If you are reading the letter then I am gone. As I write this I don’t know what exactly that might really mean. It is one of two possibilities. He has captured me or he has killed me. I know you will want to find out where I am, if I’m alive. I know that I cannot stop you from doing so. I am sorry that there is very little here to tell you where I might be. I have put some information into some other envelopes. I want you to take those along with this when you leave. Do not show any of it to anyone. If you do, not only will I die, you probably will too. Please sit down. There is a chair on the other side of this room.

I stop reading and drag the black leather chair closer to the gleaming black table with the open safe deposit box. One wheel is stuck and the chair refuses to go in a straight line. My knees feel a little weak and I’m grateful for the chair as I slide into its icy cushions. I feel that shiver once more and I shake it off. I want to thank Mom, as though her letter is part of a conversation. But it isn’t. It is a message, a request. Maybe an edict. I won’t know unless I read on. I don’t want to, though. It’s like I’m in a car, driving past the worst, bloodiest car accident ever. I know that what I’ll see will freak me out, shock me forever.

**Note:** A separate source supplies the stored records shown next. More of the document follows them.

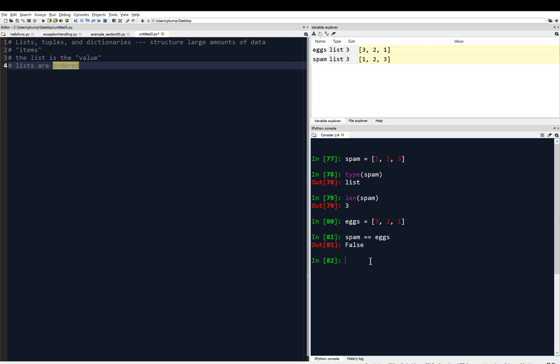If we had eggs was one, two, three, then if I asked, is spam equal to eggs, it returns true. Because now the order has changed, and because lists are ordered, that order matters, and the order matches with spam.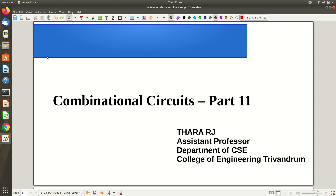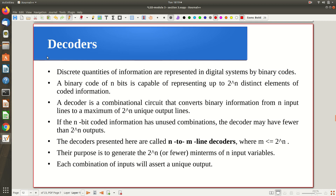Welcome to Part 11 on combination circuits. So far we've seen different combinatorial circuit implementations like adders and magnitude comparators. Now let's see another important combinational circuit called decoders. Discrete quantities of information are typically represented digitally in systems by binary codes — BCD, excess-3 code, and other coding techniques. When you assign codes to information, that process is called encoding, and the opposite — retrieving original data from coded information — is called decoding.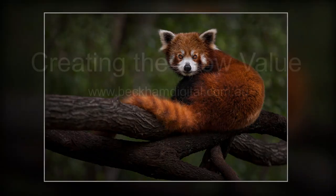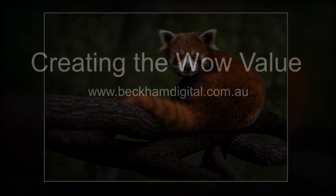At the top of the screen you can see the Wow Value in the Photoshop section. Thank you.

My mother doesn’t disappoint.

Honey, I have lied to you. I didn’t mean for my lies to spin out of control and frame so much of our lives. You have to believe me when I say that being a liar isn’t what I set out to be. I lied because it was the only course of action to save you, save me, save Hayden. I used to think that by ignoring the truth just maybe a little of my nightmare would go away. Pay attention to my words and remember the need for forgiveness. It is real. It is the only way to salvation.